Dataset content:
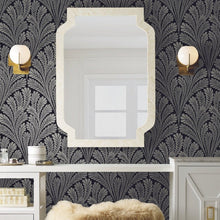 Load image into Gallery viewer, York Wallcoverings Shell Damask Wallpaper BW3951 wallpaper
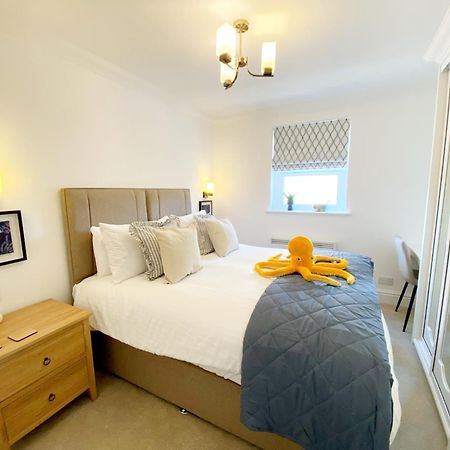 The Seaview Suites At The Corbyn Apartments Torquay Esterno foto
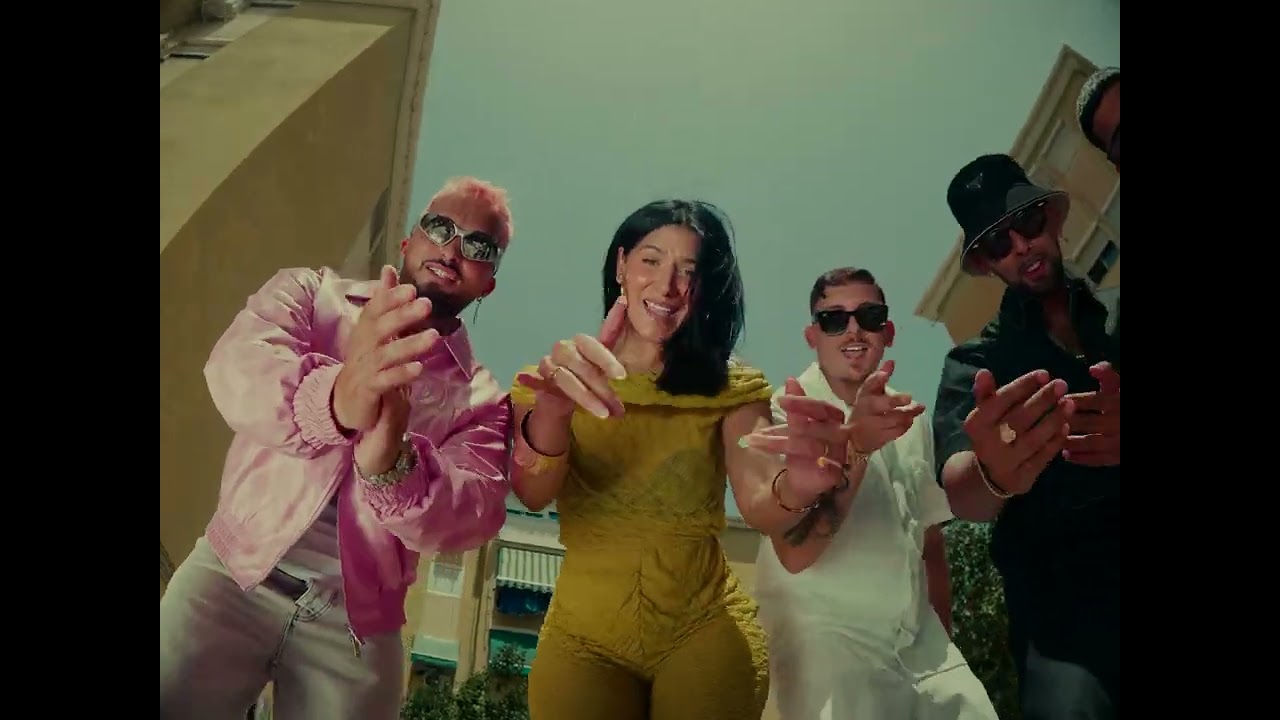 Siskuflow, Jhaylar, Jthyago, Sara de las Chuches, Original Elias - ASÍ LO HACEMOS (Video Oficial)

What to do:
Please print the entire listing again exactly, minus its images.

Exercise solution:
 Load image into Gallery viewer, York Wallcoverings Shell Damask Wallpaper BW3951 wallpaper
 The Seaview Suites At The Corbyn Apartments Torquay Esterno foto
 Siskuflow, Jhaylar, Jthyago, Sara de las Chuches, Original Elias - ASÍ LO HACEMOS (Video Oficial)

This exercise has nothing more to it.